Photographers are hesitant to name a favorite location because they say it is so dependent on each couples' personal styles. However, there are certain places local photographers have loved shooting in the past.

Scioto Audubon Metro Park: "It has a lot of different backdrops within a short distance of each other," says Lisa Hernandez, co-owner of Red Gallery Photography with her husband, Clay Justice. "It has a field, a lake with a lookout deck, walking trails, trees, and in the spring, there are a lot of beautiful flowers. In the fall, there are gorgeous shades of red and orange."

At-home shoots: "I love shooting in-home," says Jessica Love, owner of Jessica Love Photography. It is so intimate and so very unique. The photos are unlike anyone else's." (Love also adds that she is always happy to shoot at any of the Columbus Metro Parks, which she says provide a great backdrop and have so many varying looks during the seasons.)

City streets: "For urban shots, we often walk around the German Village area looking for cute urban moments, or even just through some of the alleys throughout Downtown," says Hristina Panovska, lead photographer at Aperture Photography. And when a couple wants to head out of the city, Panovska says they have done more 'guerilla-style' shooting, by hopping into a car "and driving on tiny country roads until we see something that catches our eye and make an adventure out of it." Nicole Dixon adds that "having space to walk and explore gives time and space for the couple to interact more naturally."

Hoover Sailing Club: "I rented a sailboat and the whole session looked like it could have been shot on the coast," says Byrdy, adding that beautiful lighting, a great location and fun props added to the appeal of this location.

Of course the hope is that the weather and lighting will be perfect on scheduled shoot days, but that doesn't always happen.
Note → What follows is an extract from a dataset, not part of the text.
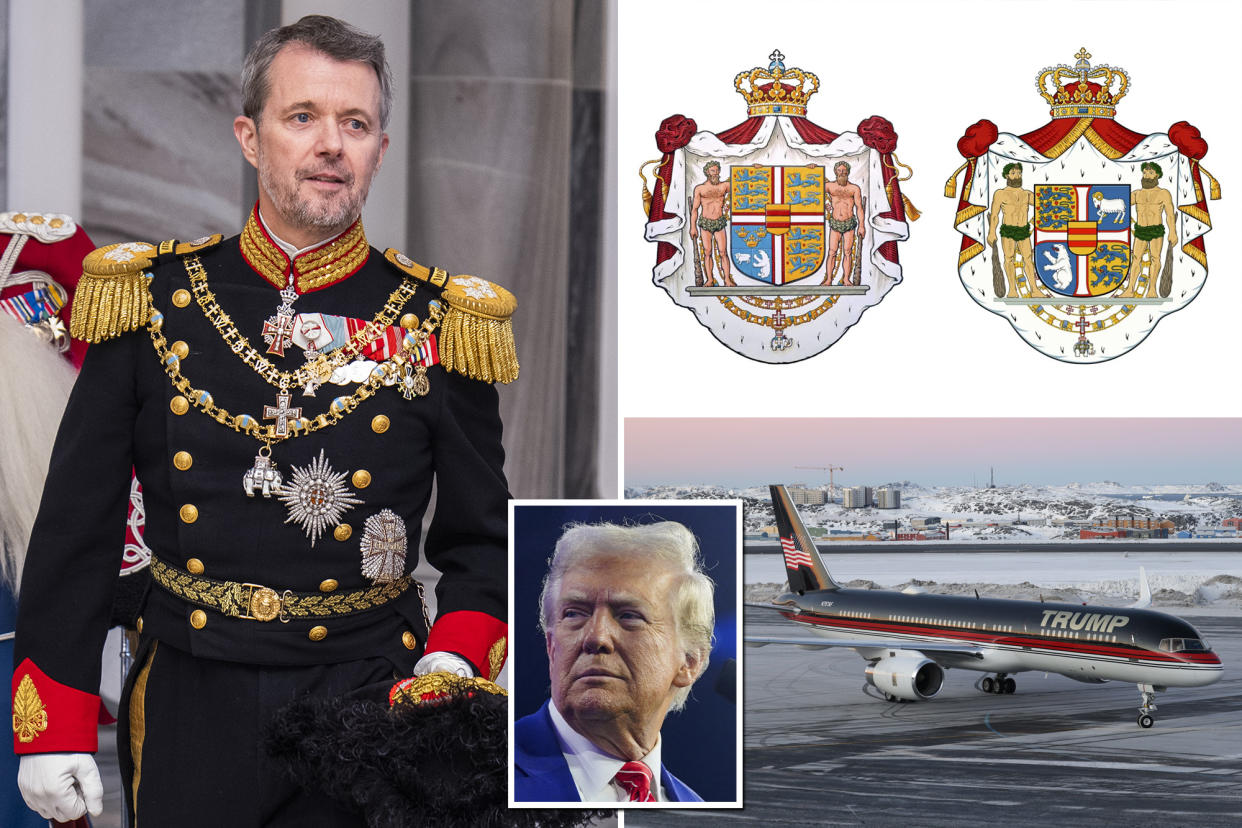 The new Danish coat of arms [right] features a bear, the symbol of Greenland, and ram, the symbol of the Faroe Islands, more prominently.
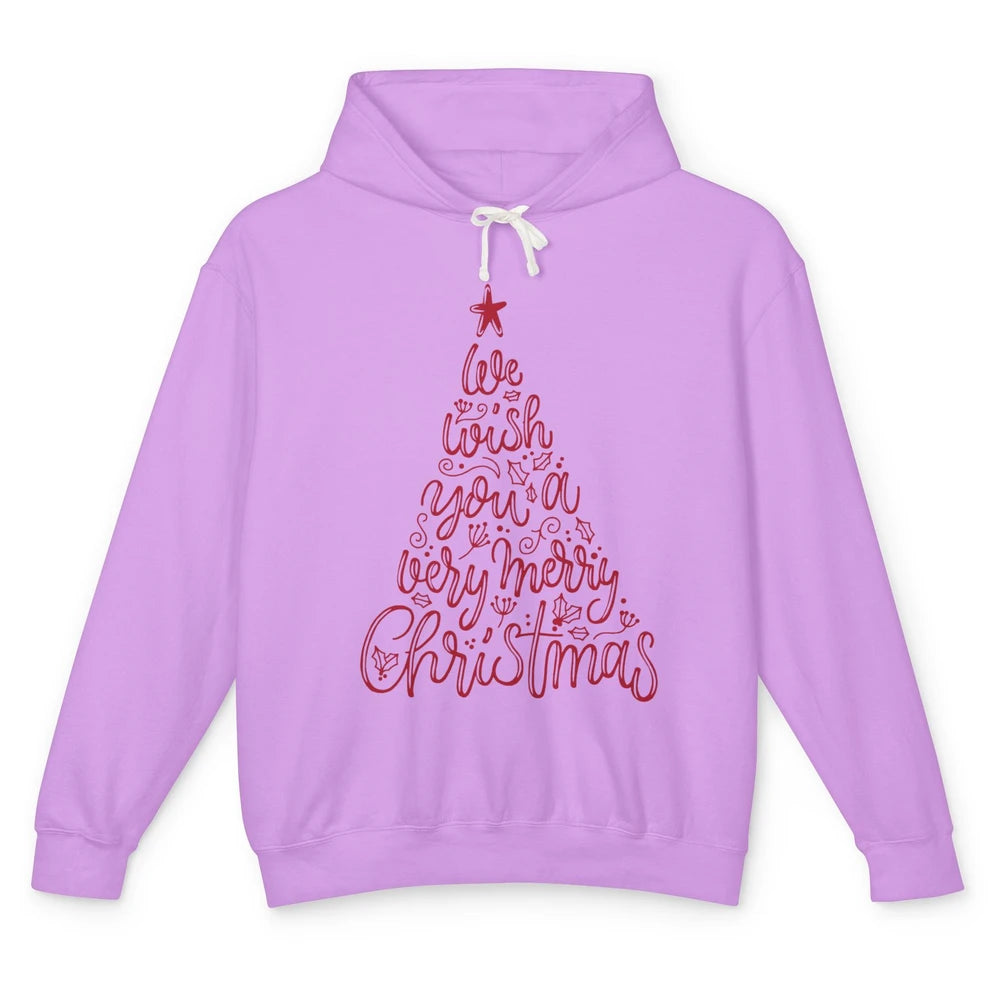 Funny Christmas Tree We Wish You A Merry Christmas Unisex Lightweight Hoodie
And Byrdy always has a backup plan just in case. "If weather is terrible, and I can't cancel because the couple is from out of town, I usually end up at a restaurant during off hours with permission and I always buy food," says Byrdy. "Northstar Cafe is probably the most popular for these desperate situations," she adds.

Light

A location doesn't always have to fit the textbook description of a beautiful place in order to create great photos. "Some of our favorite spots might be off the side of the freeway, and they might look like a pile of weeds to some people, but for us, we see so much more," says Panovska. "Once it is composed with the light coming through the correct way, you can make anything look like a painting."
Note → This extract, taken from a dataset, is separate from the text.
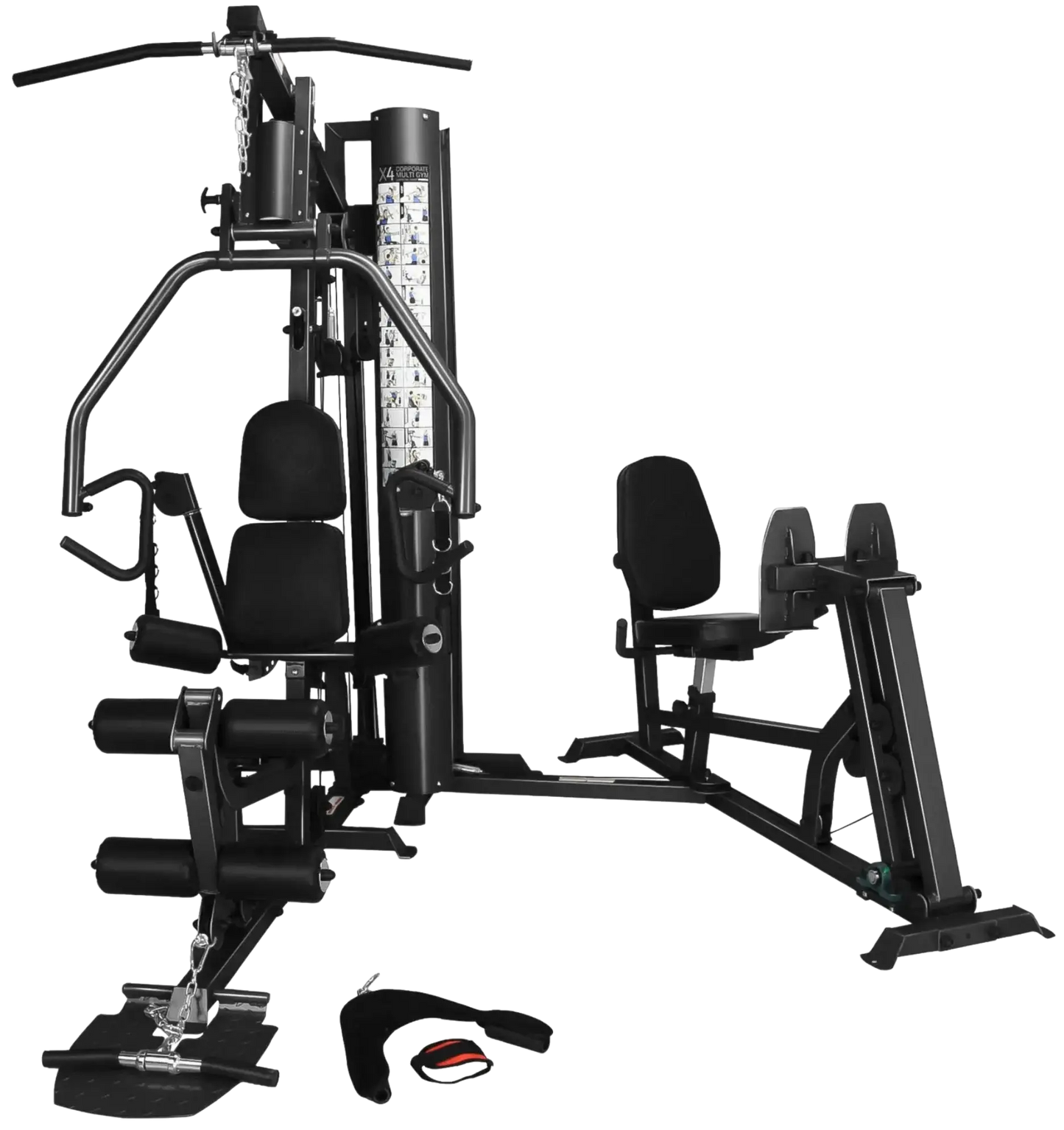 French Fitness X4 Functional Gym System w/Leg Press - Black (New) Image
Finding the best lighting is a top priority for photographers as they guide couples through planning a photo session. If the lighting isn't working, chances are high the photos will not turn out to be what the couple hoped to achieve.

Is there a perfect time of day to shoot? Not necessarily, say the experts, but it does seem that evening light can provide the most opportunity for creativity.

"Toward the evening, there is some pretty dramatic lighting," says Derkin. But, he adds, ensuring the couple is physically and emotionally at ease is still the most important factor. Once that's achieved, he can then work within the parameters to find the right balance of drama and light.

Jessica Love adds that she almost always meets her couples about two hours before sunset, because "that's the most magical light."

As far as seasons go, Panovska says it just depends on the backdrop. "We used to say fall is the best time because of the golden light in the evenings, but we have done some amazing winter shoots recently." She adds that while "shooting in 10-degree weather isn't ideal, getting a snowy winterscape as the backdrop for a shoot can be so dreamy and fun."

Derkin says that while there are so many different factors to consider, "there are no wrong answers, which is a beautiful thing. We just want to take good photos that speak to the love and light that a couple shares."